Muslime dürfen neue Moschee bauen

Ab Januar wird an Ostberlins erster islamischer Gebetsstätte gearbeitet, denn die Behörden haben der Ahmadiyya-Gemeinde die Baugenehmigung erteilt. Die Gegner des Gotteshauses wehren sich weiter, sie halten die Gemeinschaft für gefährlich

AUS BERLIN HEIDE OESTREICH

Den langen Auseinandersetzungen um eine geplante Moschee im Ostberliner Bezirk Pankow werden nun Taten folgen: Kurz vor Weihnachten, am vergangenen Freitag, hat das zuständige Bezirksamt die Baugenehmigung erteilt. Anfang 2007 will die kleine Ahmadiyya-Gemeinde Berlins mit dem Bau einer zweistöckigen Moschee mit zwölf Meter hohem Minarett in der Pankow-Heinersdorfer Tiniusstraße beginnen, bestätigte ihr Imam Abdul Basit Tariq der taz.

Es ist die erste Moschee im Osten Berlins – und sie wird vehement bekämpft. Eine Bürgerinitiative hat bereits zwei Bürgerbegehren dagegen lanciert, die jeweils für unzulässig erklärt wurden. Die NPD fuhr auf dem Trittbrett mit und gründete flugs einen Ortsverband in Pankow. Der CDU-Spitzenkandidat für die Berliner Wahl im vergangenen September, Friedbert Pflüger, witterte populistischen Gewinn und sprach sich gegen das Projekt aus. Das aber stand juristisch nie in Frage – schließlich gilt in Deutschland die Religionsfreiheit auch für Muslime. Für heute Abend ruft die Bürgerinitiative dennoch zu einer Lichterkette vor dem Grundstück auf – für die vor Ort erhältlichen „Leuchtmittel“ sei „Kleingeld mitzubringen“, heißt es im Aufruf.
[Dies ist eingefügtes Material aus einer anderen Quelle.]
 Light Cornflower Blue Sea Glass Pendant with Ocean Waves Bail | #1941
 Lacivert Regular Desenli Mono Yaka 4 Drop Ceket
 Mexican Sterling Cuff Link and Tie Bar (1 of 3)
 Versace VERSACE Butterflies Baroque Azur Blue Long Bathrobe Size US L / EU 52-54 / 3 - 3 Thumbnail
Imam Tariq lässt sich davon nicht aus der Ruhe bringen: „Diese Leute machen ihre Arbeit, wir machen unsere“, so sein Verständnis von professionellem Lobbyismus. Dazu gehört, dass die Gemeinde in den nächsten Tagen einen vierseitigen Brief an ihre zukünftigen Nachbarn verschickt, in dem der Imam „Missverständnisse“ ausräumen möchte. So werde vom Minarett kein Gebetsruf erschallen, es sei ein reines „Zierminarett“, so wird beteuert. Die Freitagspredigt werde auf Deutsch und Urdu gehalten, und jeder Heinersdorfer könne gerne zuhören.
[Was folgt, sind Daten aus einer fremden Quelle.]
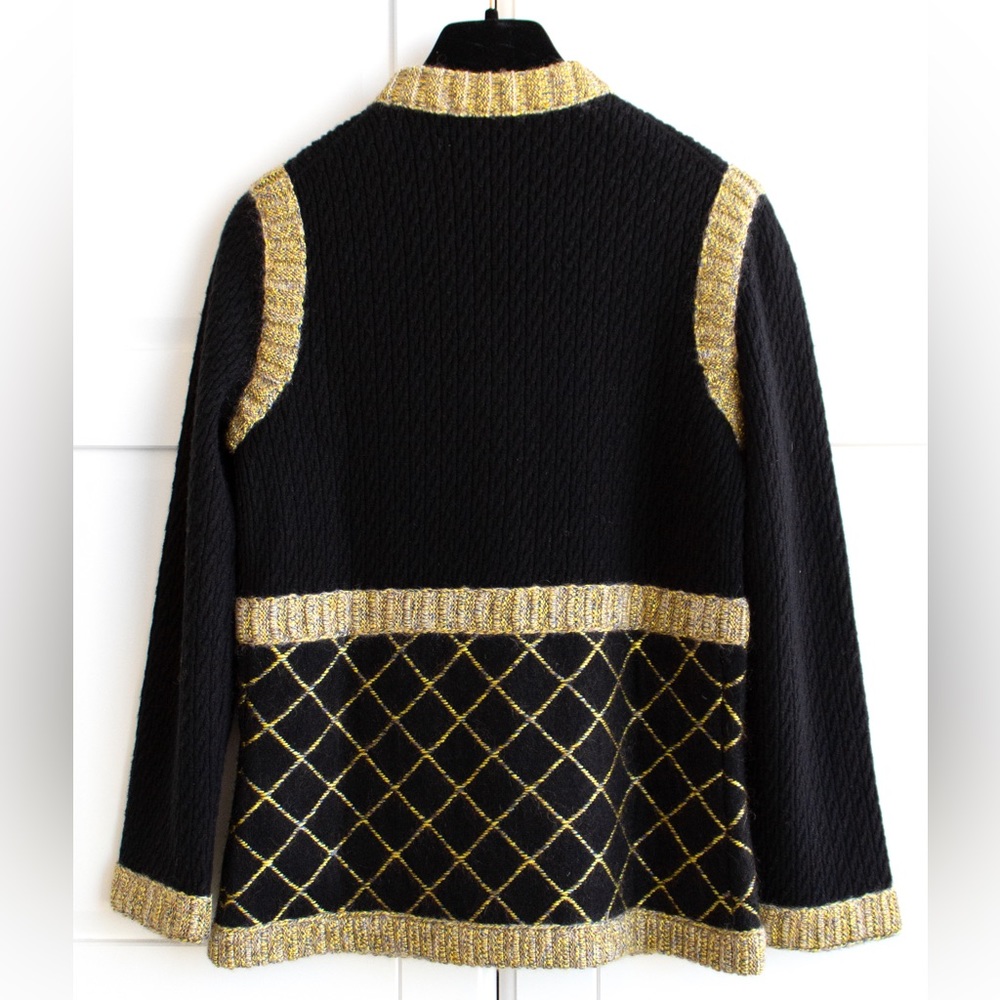 Chanel F/W 2015 Brasserie Black Gold Quilted Camellia Cashmere 15K Cardigan - Picture 4 of 14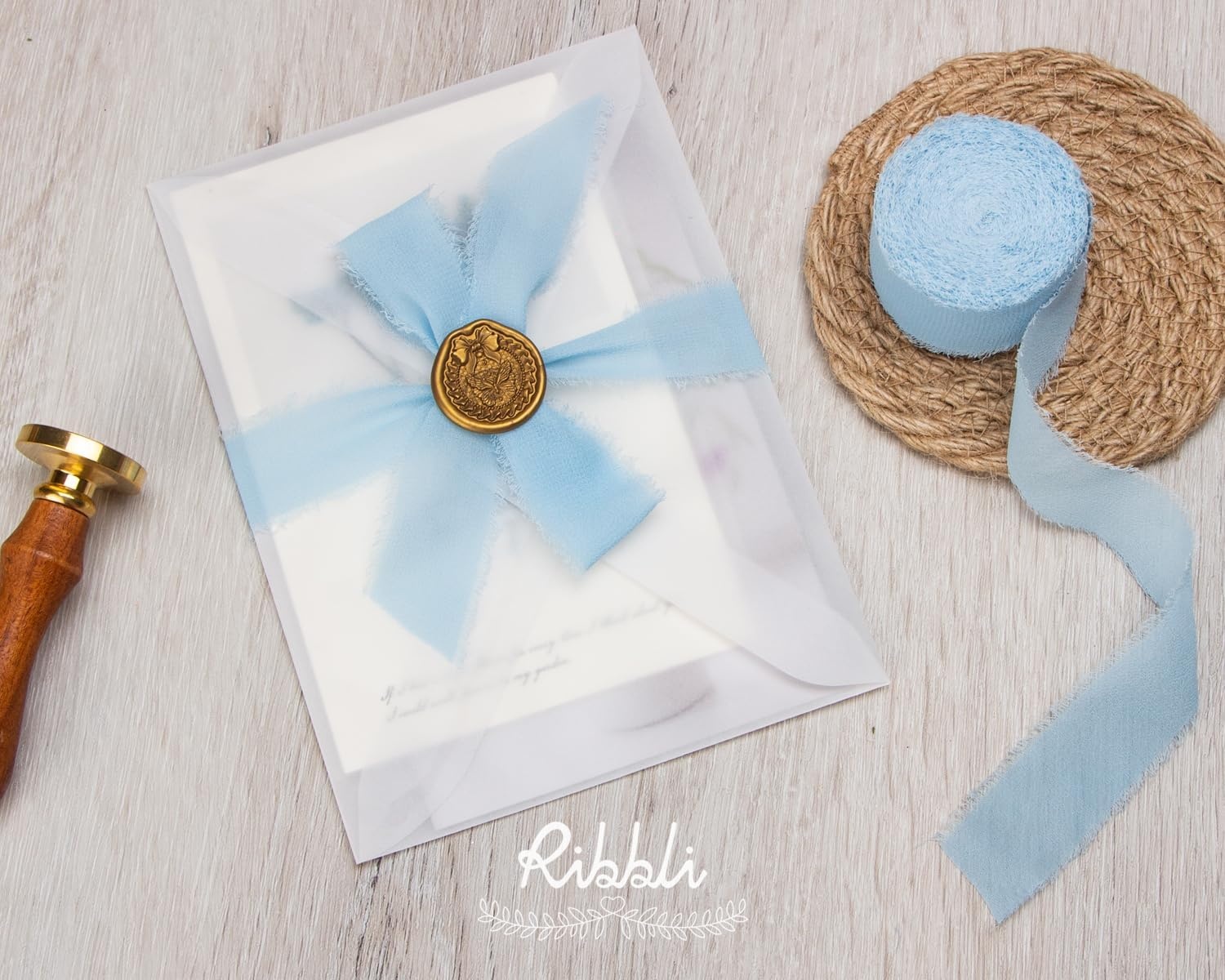 Ribbli Creamy Sage Ribbon 1 Inch x 3 Rolls Total 24 Yards Light Green Handmade Fringe Chiffon Silk Ribbon for Wrapping Wedding Invitations Bridal Bouquets DIY Crafts Home Decor(Baby Blue)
Die Bedenken der Heinersdorfer allerdings sind weit grundlegenderer Natur: „Wer ja sagt zur Ahmadiyya, sagt nein zur Demokratie“, haben sie beispielsweise für eine ihrer Demos auf ein Laken geschrieben. Sie begründen das mit einer Studie, laut der der Kalif, das Oberhaupt der Ahmadiyya, das Ziel erklärt haben soll, auch die politische Macht zu erobern. In der Studie ist auch zu lesen, dass die Ahmadiyya den Frauen weit weniger Rechte einräumen als den Männern. „Die Heinersdorfer sind im Prinzip nette Leute“, sagt der Imam dazu, „sie haben nur falsche Informationen.“ Mitnichten strebe die Ahmadiyya-Gemeinde weltliche Macht an. „Wir wollen verbreiten, dass der Islam eine friedliche Religion ist. Wenn wir von Herrschaft sprechen, geht es um die geistige Herrschaft“, betont der Imam. Und „unsere Frauen sind gleichberechtigt“, beteuert er. Im Brief an die Heinersdorfer heißt es, man setze sich sich „gegen Zwangsheiraten ein“ und verurteile „so genannte Ehrenmorde aufs Schärfste“. Die Heinersdorfer verstünden die Schriften, auf die sie sich beriefen, falsch, meint der Imam.

Was niemand bestreitet, ist, dass die Ahmadiyya von weltlicher Herrschaft, ob sie sie anstreben oder nicht, sehr weit entfernt sind: 30.000 Mitglieder gibt es in Deutschland, viele von ihnen Flüchtlinge aus Pakistan, wo die Ahmadiyya verfolgt werden. Fast alle anderen muslimischen Glaubensrichtungen erkennen die Ahmadiyya nicht an, sodass ihnen noch viel Missionsarbeit bleibt. Unbeobachtet werden sie dies in der ersten Moschee Ostberlins sicherlich nicht tun.